§ EXERCISE AIM: Exclude every picture. Output verbatim the lines from the one containing "Corkys Carley Wedge Shoes in Taupe Smooth" to the end of the data.

---------- MATERIAL PROVIDED ----------

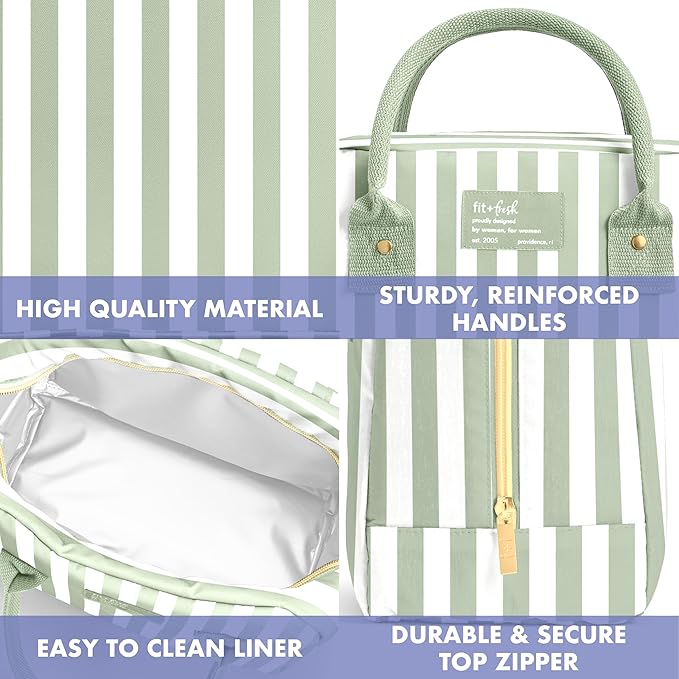 Fit & Fresh Bloomington Lunch Bag for Women - Insulated Large Lunch Box for Work with Containers, Leak-Resistant, Stain-Resistant, Zipper Closure, Thick Stripe Sage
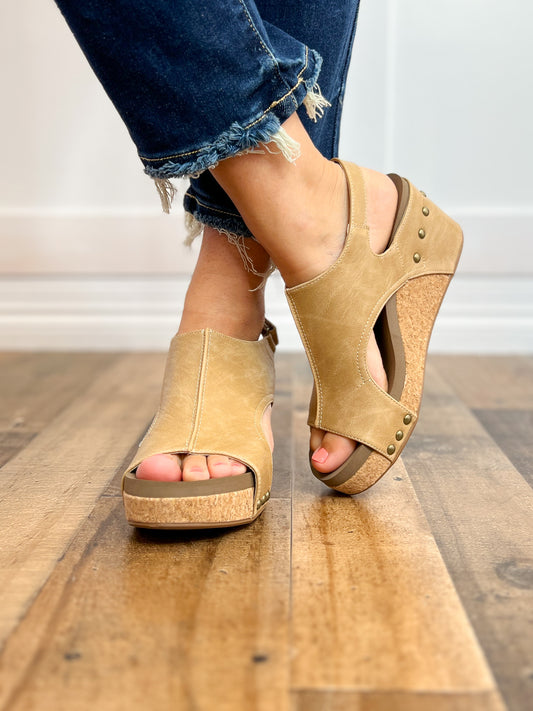 Corkys Carley Wedge Shoes in Taupe Smooth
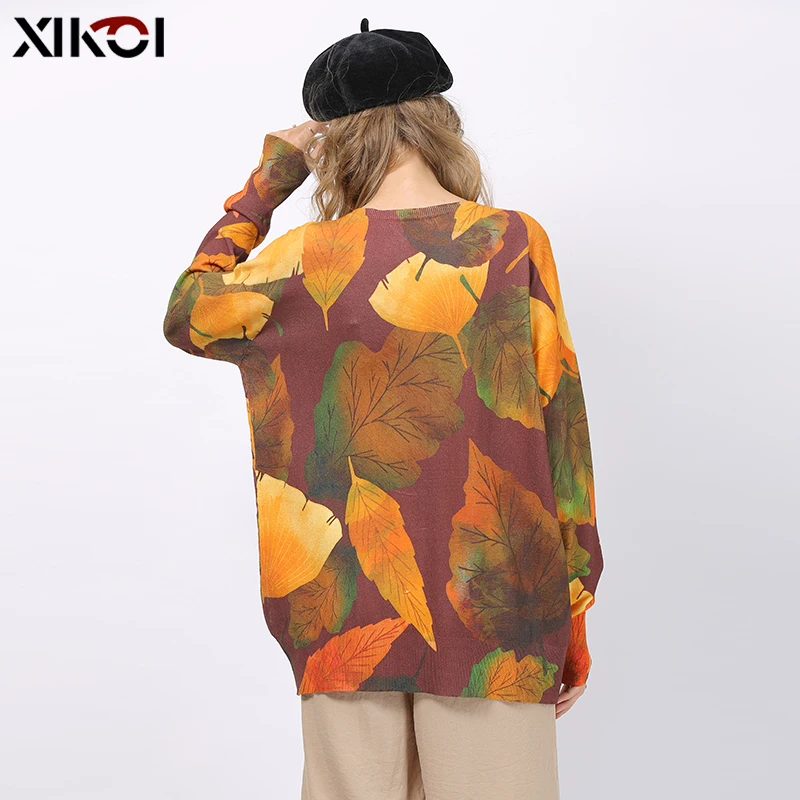 XIKOI New Tiger Print Sweaters Women Winter Oversized Jumper Knitted Pullovers Tops Plus Size Pull Femme jesery sueter feminino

----------

§ RESPONSE:
 Corkys Carley Wedge Shoes in Taupe Smooth
 XIKOI New Tiger Print Sweaters Women Winter Oversized Jumper Knitted Pullovers Tops Plus Size Pull Femme jesery sueter feminino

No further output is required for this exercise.